Grand Teton National Park anchors the Greater Yellowstone Ecosystem, where native flora and fauna interact much as they have for thousands of years in one of the largest intact temperate ecological systems on Earth. Grand Teton is a place where stunning landscapes, fabled wildlife, mindful stewardship, and the latest science come together to create an immersive visitor experience that forges connections with far-reaching resonance. Park visitors and supporters become curators, keepers, and custodians of a cherished legacy.

Yet a variety of pressures in and around the park mean that the once self-sustaining, self-regulating landscape needs vigilance, active participation, and assistance from those who value all that it represents. Changing visitation, land use and development patterns, climate change, and invasive plants and animals all threaten to disrupt the sensitive ecological relationships that characterize Grand Teton today.
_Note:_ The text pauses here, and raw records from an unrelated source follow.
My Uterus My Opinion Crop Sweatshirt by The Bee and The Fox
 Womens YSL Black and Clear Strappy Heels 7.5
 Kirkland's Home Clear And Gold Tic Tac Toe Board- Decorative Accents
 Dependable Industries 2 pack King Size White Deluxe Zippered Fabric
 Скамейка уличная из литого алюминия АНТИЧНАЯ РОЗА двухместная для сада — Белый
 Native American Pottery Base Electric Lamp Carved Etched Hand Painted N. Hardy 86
These pressures hold potential for diminishing the park’s biological, scientific, and visitor experience appeal.

In response, the park and Grand Teton National Park Foundation have come together with a plan to support active, scientifically based, stewardship of wildlife and their habitats. Wild Treasures will support the park’s highest priority research, conservation, and education program needs. By investing in sustained action, this campaign will foster ambitious work of lasting impact, helping to ensure the vibrancy and relevance of Grand Teton’s wildlife as a central feature of the park experience for generations to come.

Protecting moments that matter—a first bear sighting, a chorus of wolves howling in the wind, or the spectacle of a hundred elk migrating along an ancient path in the morning mist—requires a solid, multifaceted program to conserve and protect park wildlife in the midst of contemporary pressures and challenges.

Wild Treasures will allow the park to be more strategic than ever before in prioritizing wildlife and natural resource research, conservation, and education efforts. Longer-term certainty of funds has already enabled the development of new partnerships with universities and agencies that will increase capacity, provide additional expertise, and leverage support from Wild Treasures.